Cara masuk islam yang mudah.
3.
Agama Islam mudah menyesuaikan diri.
4.
Pribadi dan Akhlak orang islam sangat
tinggi.
Penyebaran
islam pada mulanya hanya pada dua titik yaitu Sumatra Utara tepatnya di aceh dan
pesisir pantai Utara Jawa Tengah dan Jawa Timur seperti Rembang, Tubanng, dan
Gresik. Dari Sumatra Utara ini Islam menyebar ke Pedalaman Minangkabau
sementara di Sumatra Selatan Agama Islam berkembang melalui Banten.
Di
Pulau Jawa, Agama islam berkembang dan menyebar melalui kelompok orang – orang
penyebar agama Islam yaitu para wali, yang biasa dikenal dengan sebutan Walisongo (Wali Sembilan). Dengan
perantara mereka inilah Islam di Demak, Pajang Mataram dan Banten, akhirnya
sampai merata di Pulau jawa. Dengan Masuknya agama Islam di Tanah Air maka
hukum- hukumnya juga turut serta didalamnya.
Hukum
Islam terdiri dari tiga aspek yang satu dengan yang lainnya dapat dibedakan
tapi tidak dapat dipisahkan. Ketiga aspek yang dimaksud adalah, aspek akidah,
aspek syariat, dan aspek filsafat.Di antara ketiga aspek tersebut yang paling
penting adalah aspek syariatnya/ aspek hukumnya, oleh karena aspek hukum
tersebut merupakan jiwa agama islam.
b.
Masa Pemerintahan Hindia belanda
Pada
masa pemerintahan hindia Belanda mulai berkuasa Indonesia hukun islam telah
berkembang sedemikian pesatnya. Hal ini dapat dilihat bahwa di daerah-daerah
yang masyarakatnya mayoritas agama Islam pengaruhnya sangat menonjol.
Di
samping hukum Islam, Hukum adat sebagai suatu sistem hukum juga berlaku
ditengah-tengah masyrakat sebagai hukum yang tumbuh dan berkembang berdasrkan
alam fikiran bangsa Indonesia.

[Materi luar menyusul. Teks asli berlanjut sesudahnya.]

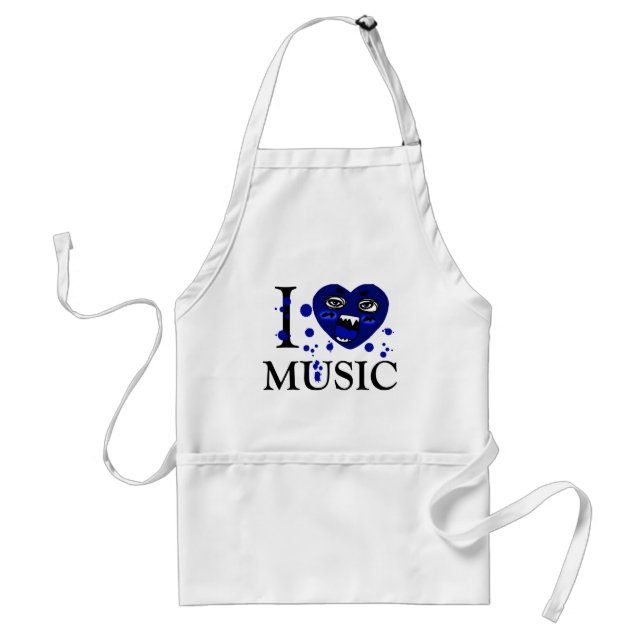 Music Crazy_ Adult Apron (Front)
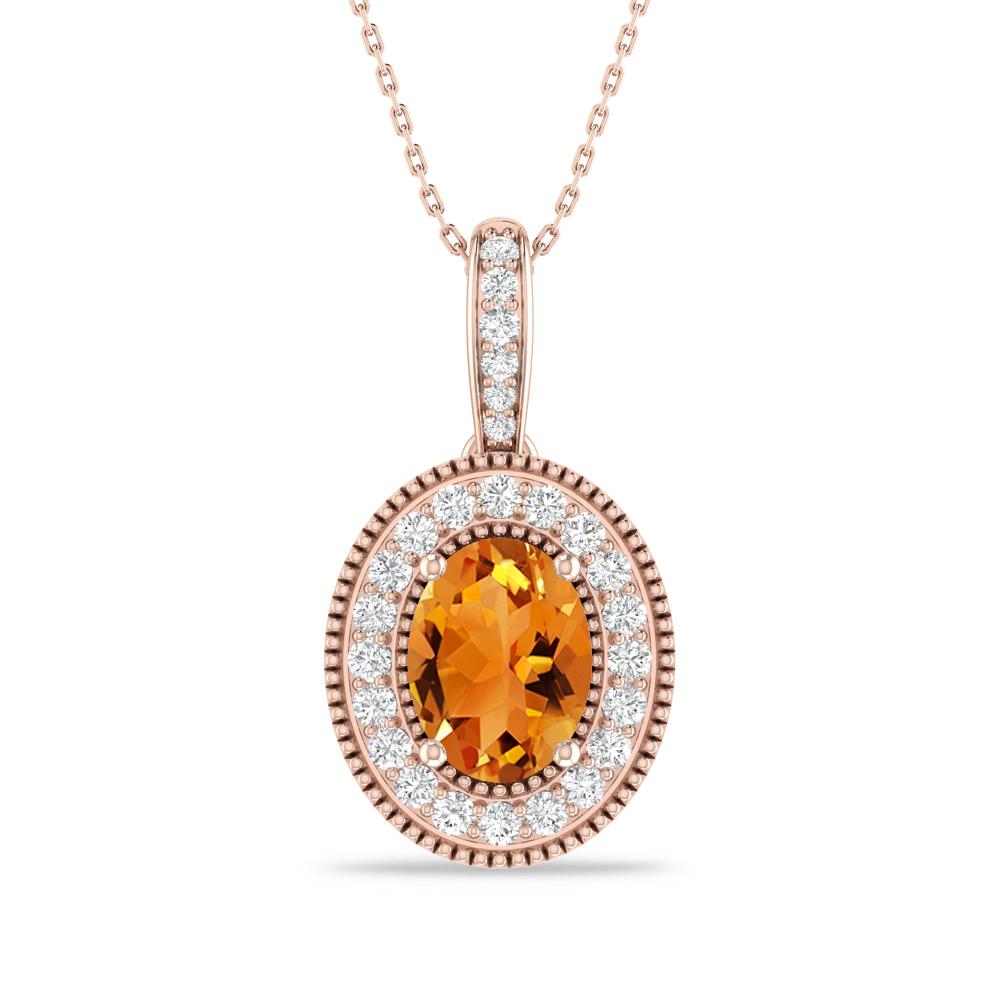 Rose Gold - Citrine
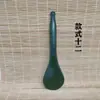 Tabla Gua Sha de Bianstone Negro, Peine de Jade, Herramienta de Masaje Gua Sha, Tabla Gua Sha Facial y para Ojos, Tabla Gua Sha Especializada en Medicina Tradicional China, Bianstone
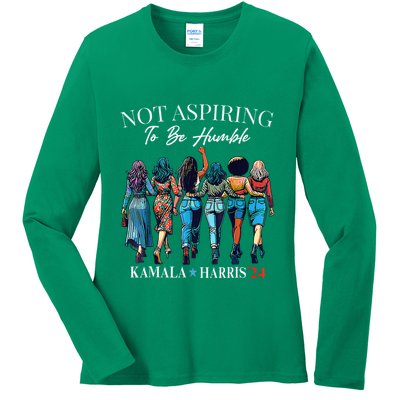 Not Aspiring To Be Humble This IsnT The 1950s Ladies Long Sleeve Shirt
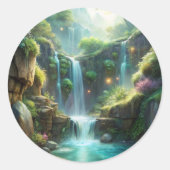 Waterval Ronde Sticker (Voorkant)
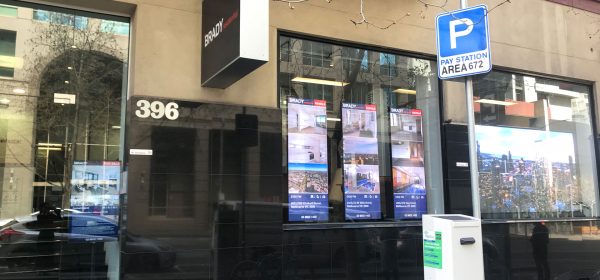 Brady Residential Melbourne with Real Estate Signage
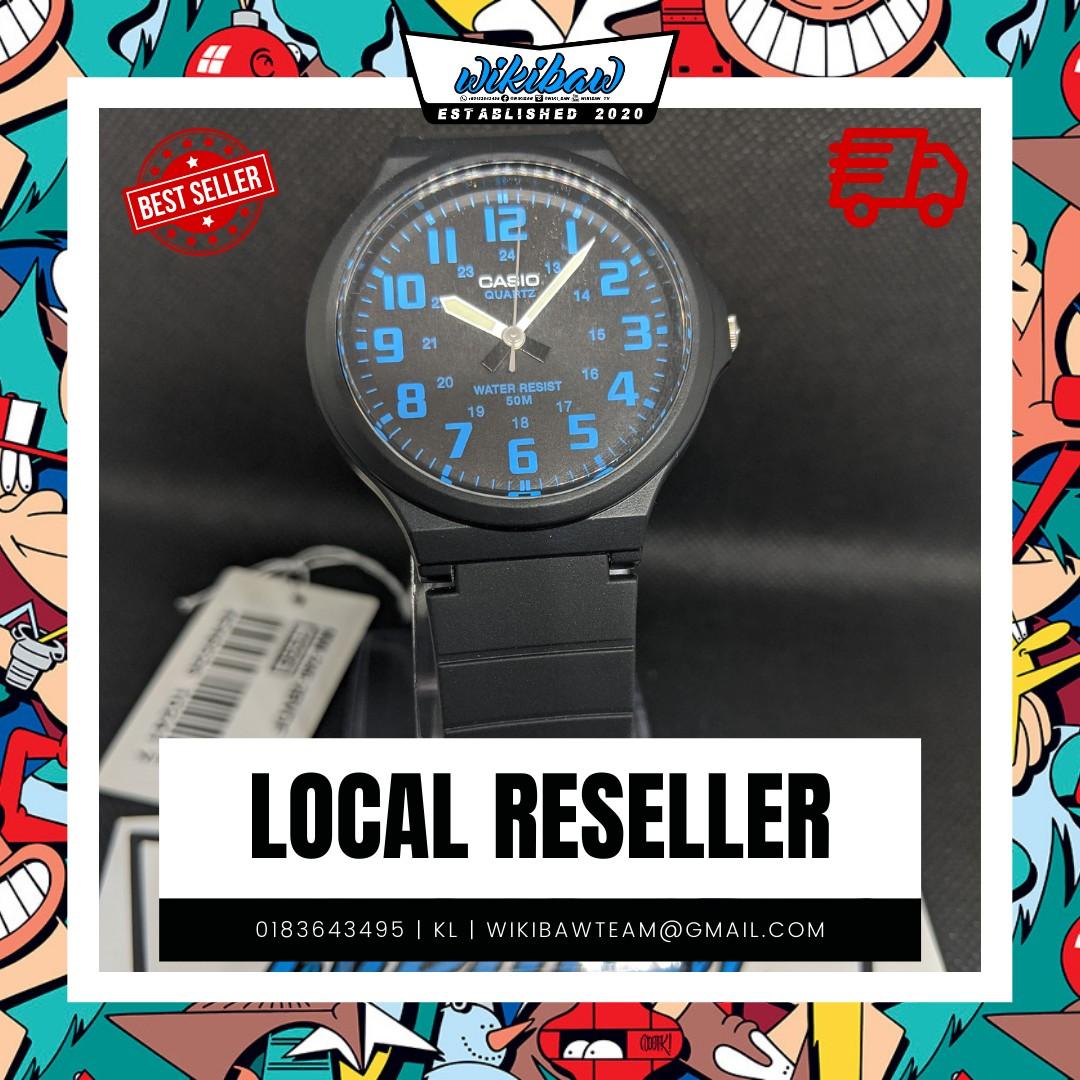 Casio Basic Analog (Category: Watches) located in Kuala Lumpur. Submitted by Wikibaw_Store (Listing ID 1165932506, Image 1). Description: Berminat bleh whats app 0132567368 POS & COD buleh😁 NOS Item.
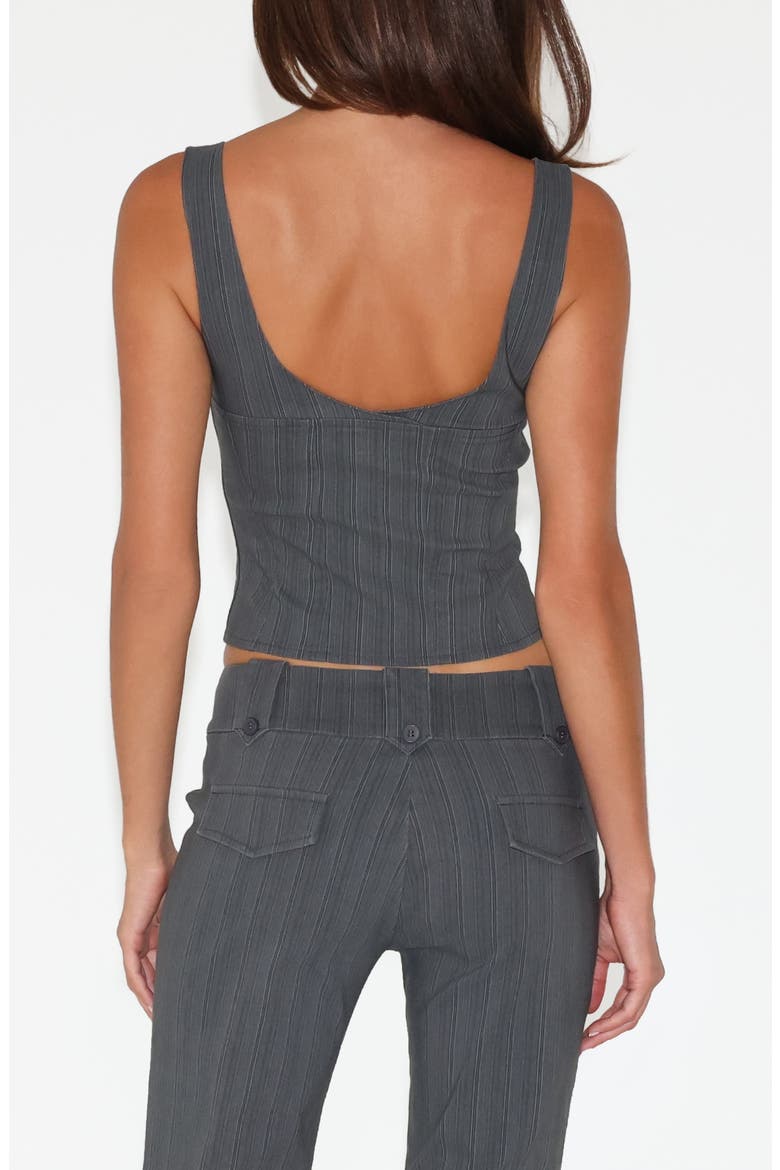 Kittie Corset Top, Alternate, color, GREY STIPE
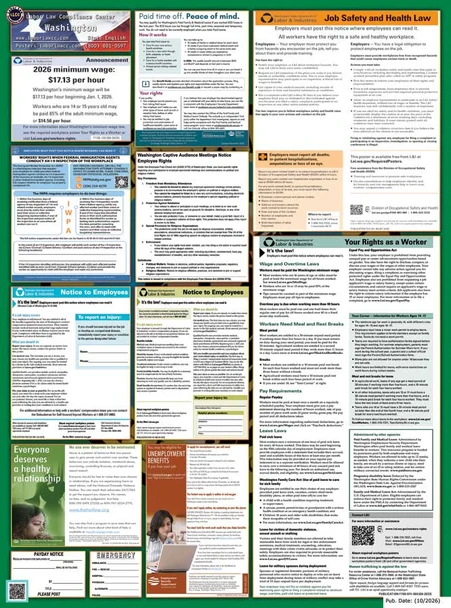 Washington State Labor Law Posters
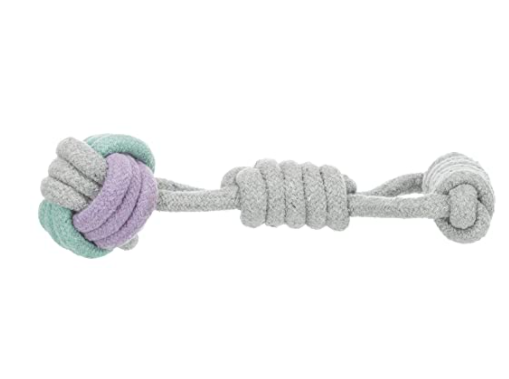 Trixie Rope Ball with Handle for Dogs - 6cm/23 cm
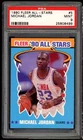 Michael Jordan Card 1990-91 Fleer All-Stars #5 PSA 9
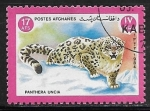 Stamps Afghanistan -  Panthera uncia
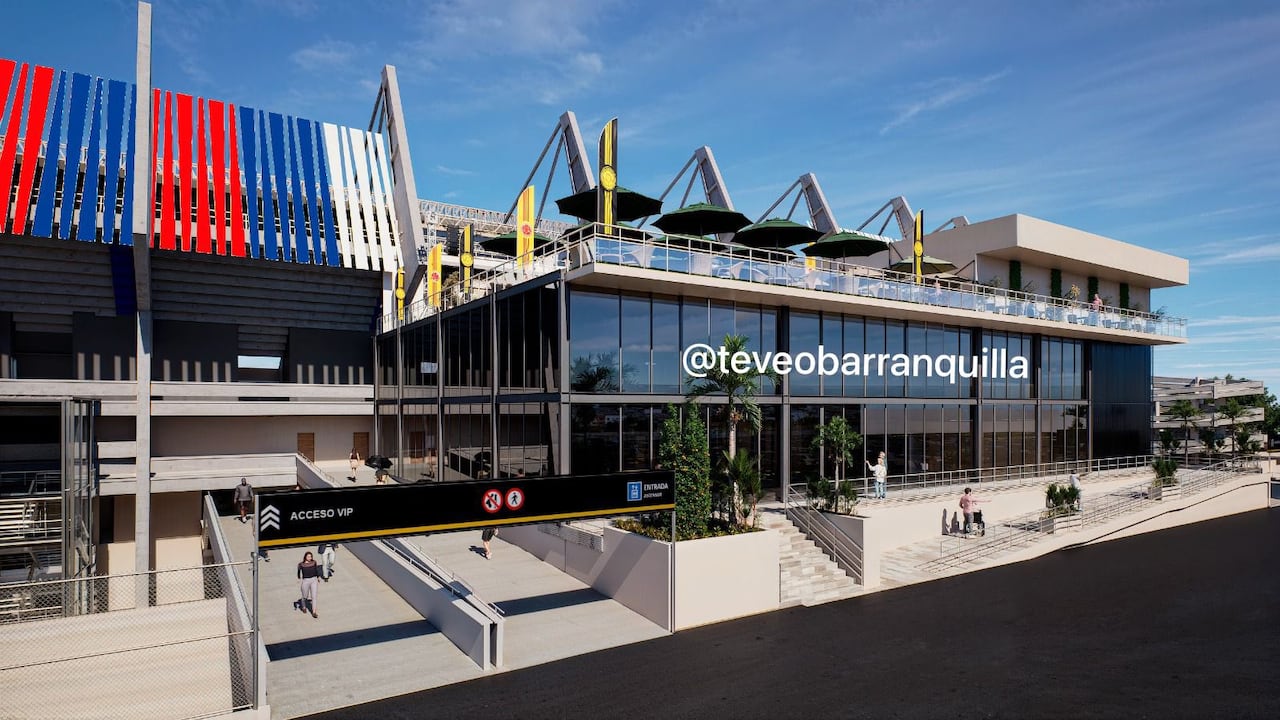 Imagen de lo que sería el exterior del Estadio Metropolitano Roberto Meléndez de la ciudad de Barranquilla.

Antara kedua sistem hukum itu dalam perkembangannya
saling mempengaruhi, seolah diantara keduanya terjadi singkronisasi.
Dengan
berdasarkan pada teori pemerintahan Hindia belanda berhasil memperkecil peranan
Hukum Islam dalam hukum positif, sehingga hanya terbatas pada hukum perkawinan
dan perceraian serta mengenai badan hukum yang berbentuk wakaf, Hibah, Wasiat
dan Shadakah.
Sebagai
konsekuensi diakuinya Hukum Islam dalam peraturan peraundang – undangan Hindia
belanda sebagimana tercantum dalam beberapa pasal RR dan IS.
c.
Masa Sesudah Kemerdekaan
Sesudah
proklamasi kemerdekaan, perkembangan hukum islam lebih maju lagi dibandingkan
dengan keadaannya pada tahun – tahun sebelum kemerdekaan.
Pasal
29 ayat (2) UUD 1945 ditegaskan Bahwa Negara Republik Indonesia menjamin
kemerdekaan tiap – tiap penduduk untuk memeluk agama dan kepercayaannya itu.
Sebagai
salah satu bentuk dari kemerdekaan beragama sebagai mana terantum dalam pasal
29 ayat (2), maka pada tanggal 3 Januari 1946 dibentuklah Departemen Agama yang
bertugas mengurus berbagai urusan yang menyangkut masalah – masalah keagamaan (
termasuk hukum agama ) di Indonesia.
Dalam
perkembangan selanjutnya beberapa bidang hukum islam telah dinyatakan diterima
dalam hukum nasional sebagai hukum positif seperti Hukum Perkawinan dalam UU No
1 Tahun 1874.
Pembentukan
berbagai pesantren dan madrasah-madrasah islamiyah bernafaskan Islam turut
menjadi warna tersendiri terhadap perkembangan Hukum Islam di Indonesia.[3]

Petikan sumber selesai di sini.